If the food that is given is seen to stick to on one side of the throat, which is called food "residue", that usually means that there is lack of sensation or possibly even a motor/movement problem on that particular side of the throat. The treatment for this discovered throat numbness is to then teach the patient to turn their head to the numb side of their throat when they swallow. This maneuver, called a "head turn", effectively closes off the numb side of the throat, so when they swallow, the food is only exposed to the normal side of the throat, thereby insuring a safer swallow (on the normal side there is no residue so there is no chance of the residue accidentally falling into the vocal folds and then into the lungs (aspiration).
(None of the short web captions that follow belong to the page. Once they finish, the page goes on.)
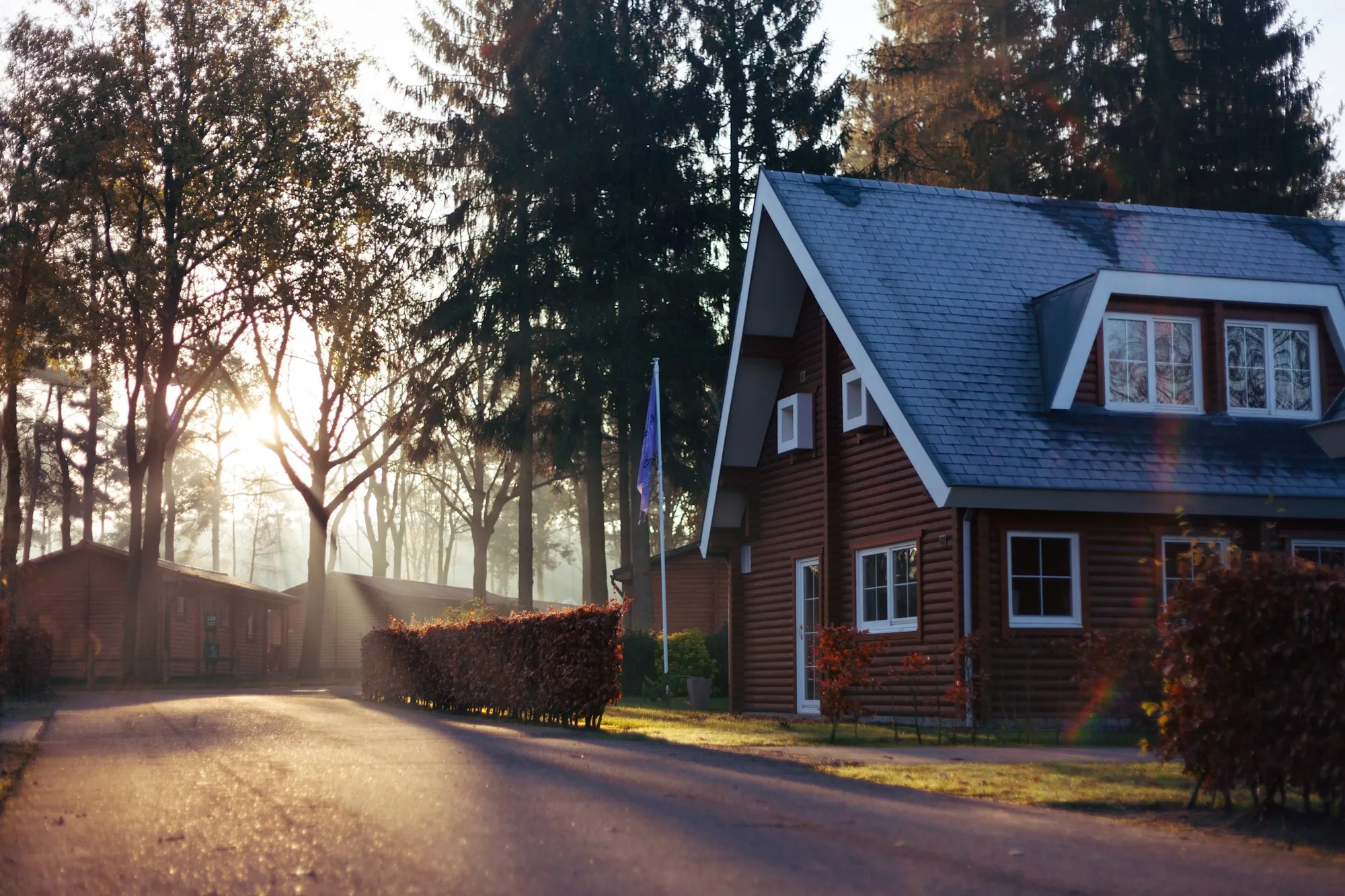 Brick cottage with a dark shingle roof and dormer windows in morning light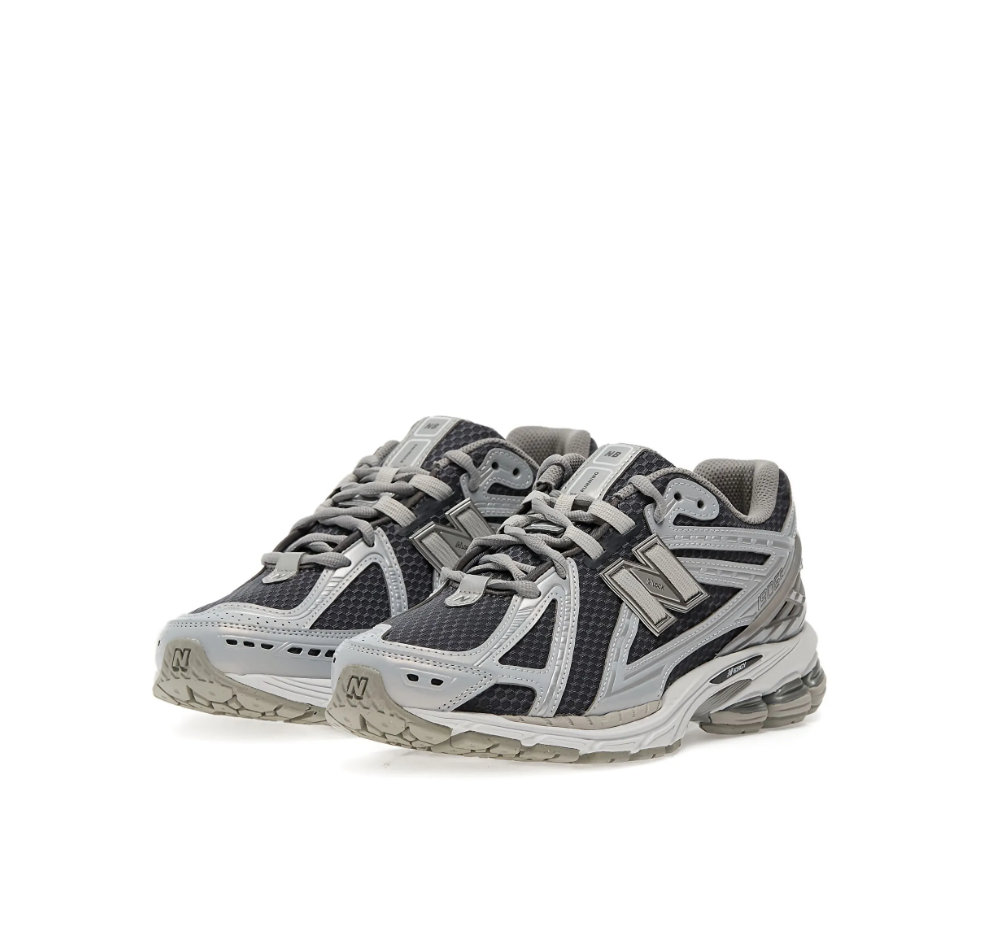 New Balance 1906R sneakers for men in grey and silver with mesh upper and cushioned sole.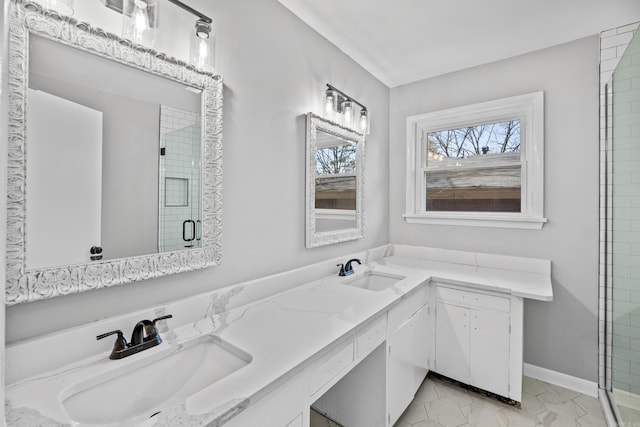 full bath with a sink, baseboards, a stall shower, and double vanity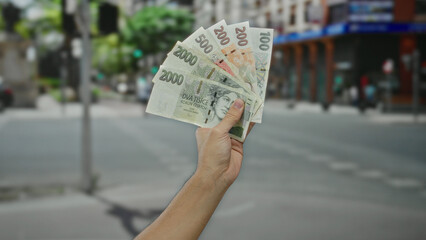 Caucasian man holding czech koruna banknotes on a city street, emphasizing money and outdoor urban...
=== Vagus nerve injury ===

When there is damage to the nerve that innervates the throat, the vagus nerve, both motor and sensory function can be affected since the vagus contains both motor and sensory nerve fibers. However, until sensory testing was developed there was no way to assess sensory loss from a vagus nerve injury. One of the most common symptoms of a vagus nerve injury is chronic cough. If a physician looked into the vocal cords of a patient with chronic cough, it would appear they are opening and closing normally, but if sensory testing was performed it would give abnormal results, thus indicating that the sensory nerve fibers of the vagus were somehow damaged. This would allow for a more precise diagnosis and treatment.

Another clinical situation where assessment of laryngeal sensation is helpful is in patients complaining of throat pain. Again, when examining the throat of such patients, if everything seemed to be moving well, then clinicians are often befuddled as to what the source of the throat pain is. With sensory testing, one can demonstrate that the throat tissues are numb, signifying some damage to the sensory fibers of the vagus and thereby identify vagus nerve injury as the cause of the patient's pain. This is called vagus nerve neuralgia, and treatment for neuralgia can then commence.

One always sensory tests both the right and left sides of throat and the sensory levels should be symmetric, that is, the right side of the throat should normally equal the left side. However, if during sensory testing it is determined that one side is normal and the other side has a sensory deficit, then likely something has injured the vagus nerve somewhere along it lengthy course from the brain into the neck. As a result, when there is asymmetric sensory nerve loss, imaging of the neck and brain must be done to see where along the course of the vagus nerve a blockage or injury might have taken place.

== Indications for sensory testing of the throat ==

=== Acid reflux disease ===

Over several decades, primarily due to work with sensory testing performed by gastroenterologists (stomach doctors) and pulmonologists (lung doctors), sensory testing and FEESST have been shown to have additional applications beyond assessing swallowing function.

For example, people with acid reflux disease, especially those with throatburn reflux, usually have swollen vocal cords due to years of acid damage. Untreated acid-injured vocal cords will not have as sharp reflexes as vocal cords that are not swollen. Therefore, aspiration is common in people with chronic acid reflux disease. Sensory testing can quantify and assess the swelling for better treatment. The strength of the air pulse given during sensory testing in acid-injured vocal cords due to acid reflux disease will necessarily be much greater in order to elicit an airway reflex than tissues that are not swollen.